Maybe I was thinking to get a mirror less camera (Ex. Canon M5 or M6) what do you think? Because is Lighter and smaller but I’m afraid that the combo with lenses and the overall quality is not as good as a DSLR camera.

Just need some advises from you guys that probably have much more knowledge than me.

Thank you very much

Here some photos taken with the lens canon 85mm f1.8 ums that I’ve found on google


----------



## Overread (Feb 15, 2018)

Note - please don't upload/embed photos that you don't own to the forums. We ask instead that you link to them from the original source please. 


Honestly if you want portraits with that smooth background effect, chance are you want a fulflrame - 35mm - camera body at the very least. Many mirrorless (but not all) often use a smaller sensor size. Also don't forget that smaller and lighter is one thing, but honestly if you're going for a larger sensor for that effect, then the lenses for a mirrorless 35mm won't be any smaller than for a regular camera; and sometimes a smaller body doesn't help with hand holding nor weight distribution


----------



## idcanyon (Feb 15, 2018)

Canon's mirrorless M5/M6 have APS-C sized sensors, same size as Canon's crop-frame DSLR's so you lose nothing in that area. I don't know what size sensor your example photos were taking with. Its true that a full frame sensor will give a shallower depth of field, but only a little, and diving straight into full frame is very expensive. A 85 f/1.8 lens will still serve you well on a APS-C and would make a good portrait lens for outside or inside if all you want to do is head shots.


----------



## waday (Feb 15, 2018)

What is your budget?


----------



## manuel87roma (Feb 15, 2018)

idcanyon said:


> Canon's mirrorless M5/M6 have APS-C sized sensors, same size as Canon's crop-frame DSLR's so you lose nothing in that area. I don't know what size sensor your example photos were taking with. Its true that a full frame sensor will give a shallower depth of field, but only a little, and diving straight into full frame is very expensive. A 85 f/1.8 lens will still serve you well on a APS-C and would make a good portrait lens for outside or inside if all you want to do is head shots.
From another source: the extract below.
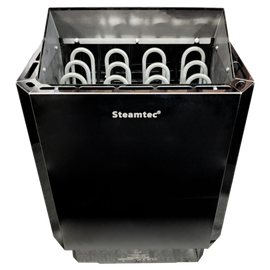 Электрические печи STEAMTEC для бани и сауны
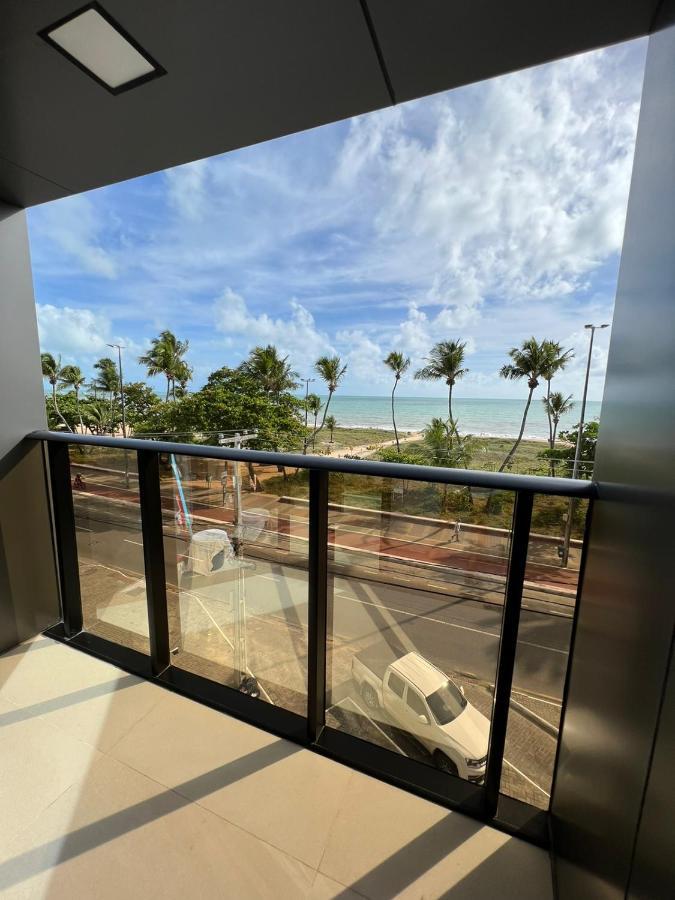 Frente Mar Apartamento Luxuoso Na Praia De Cabo Branco João Pessoa Kültér fotó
Actually I also have to say that I own a CANON REBEL T1i, do you think that would be just enough to use the EF 85mm f1.8 USM?? Or is better to sell it and get another one either mirrorless or DSLR?


----------



## manuel87roma (Feb 15, 2018)

waday said:


> What is your budget?



The budget have to be not too high (not over 800$) and actually I also have to say that I own a CANON REBEL T1i, do you think that would be just enough to use the EF 85mm f1.8 USM?? Or is better to sell it and get another one either mirrorless or DSLR?


----------



## manuel87roma (Feb 15, 2018)

I was looking on line for some cheap kinda small and compact DSLR cameras and I found this:

Cheapest  DSLR Cameras with Wifi

Which one would you pick ??
These ones should be working good with the EF 85mm f1.8 or 1.2 UMS RIGHT? 
Of course, eventually I also would like to take in consideration the use of another lens for sports and fast action.


----------



## idcanyon (Feb 15, 2018)

manuel87roma said:


> I own a CANON REBEL T1i,


A newer mirrorless or DSLR with the same size sensor will be an improvement but for portraits the difference may be too little to notice. That largely depends on the environment in which you are taking photos. Your complaint--depth of field--is all lens and none camera. I'm going to guess that a camera upgrade is going to do next to nothing for you. Get the 85mm f1.8 first and then think about a camera later.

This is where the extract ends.